The RFS Reset: A Look at Corn Land Use and Conventional Ethanol Production

This report examines U.S. agricultural land use and crop production. It also examines how much additional corn and conventional ethanol could be produced if the historic trends for corn production and ethanol processing continue through 2022. This report uses the term “ethanol” to refer to conventional ethanol. The analysis allows the food and other non-ethanol portions of the corn crop to continue to grow in a manner that would not increase concerns about the availability of corn for the world’s food supply.

In many sources, including its Second Triennial Report to Congress, the U.S. Environmental Protection Agency (EPA) claims that biofuel growth driven by the renewable fuel standard (RFS) has resulted in increased U.S. agricultural land use. However, that is not the whole story. As can be seen in Figure ES-1, since about 2010 the crop acreage devoted to corn production has remained relatively constant while ethanol production has substantially increased. The land use increase determined by EPA appears to be dependent on the beginning and end points selected for the analysis. In addition, EPA’s Second Triennial Report looks at total biofuel land use, which combines both corn and soy. There is general agreement that soy land use has increased during the period since the RFS was implemented, but that does not mean that corn land use has also increased. Finally, EPA was unable to identify the corn land use increase specifically caused by the production of conventional ethanol under the RFS. EPA points out these errors and its inability to prove its contention in various parts of the report which are not highlighted or mentioned in its key findings. In fact, the conclusions that EPA reaches in the report are not fully supported by EPA’s own analysis or independent study of the data.

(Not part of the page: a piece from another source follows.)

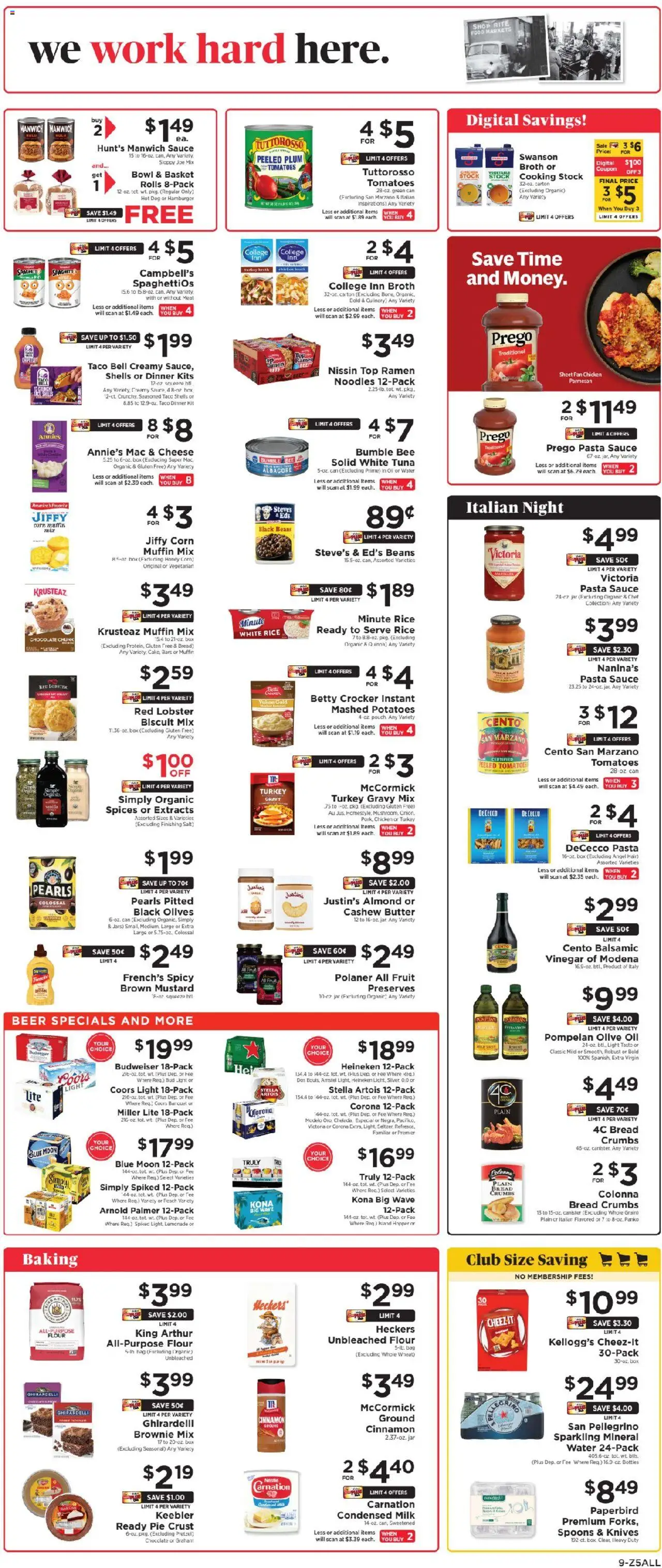 ShopRite Circular from 04/04/2025 >> Weekly Ad, flyer - Page number 10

In its Second Triennial Report, EPA fails to recognize that U.S. farmers choose the allocation of their crop acres to different crops based on a wide variety of market drivers including weather, world crop supply balances, U.S. and world inventories, and imports and exports worldwide. The RFS has a slight influence on some of these variables, but it is not the large driver that EPA seems to imply. Since the U.S. is currently exporting corn and soy beans plus ethanol and distiller’s dried grains with solubles (DDGS) in amounts at or above pre-RFS levels, and imports of ethanol and biomass-based diesel (BBD) are currently minimal, there can be no indirect land use impacts from other countries for corn ethanol or BBD. Therefore, EPA’s claim of increased indirect land use impacts from other countries is unsupported.

Stillwater examined historic trends for U.S. farm acres planted in corn and harvested plus the volume of corn produced. While there is variability in the data, over the past 12 years, corn production has increased at an average rate of 2.3 bushels per acre per year. That rate closely aligns with the rate of growth maintained over the previous seven decades, and there continue to be new technologies introduced enabling this rate of growth to continue. Figure ES-2 demonstrates this historic growth in corn yields per acre.

This analysis has examined the continuation of these trends and found that from 2018 to 2022 an additional 1.7 billion bushels of corn can be produced on the same number of acres that was used in 2007. Assuming that non-ethanol demands for corn grow at the same rate as population, 0.3 billion additional bushels would be required annually to supply feed, seed, and non-ethanol industrial uses of ethanol (such as high fructose corn syrup, cationic starch and renewable chemicals feedstock). This would leave 1.4 billion bushels of new corn available for ethanol production, enough to achieve a production rate of 4.0 bgy of new ethanol in 2022.

Since this 4.0 bgy of new ethanol can be produced with no new farm land needed and while continuing to grow sufficient corn for food and other non-ethanol needs, there should be minimal concerns about additional indirect land use or new corn-for-food needs. It also appears that the nutrients needed for this new corn are fewer on a per-bushel basis than the nutrients required prior to 2000.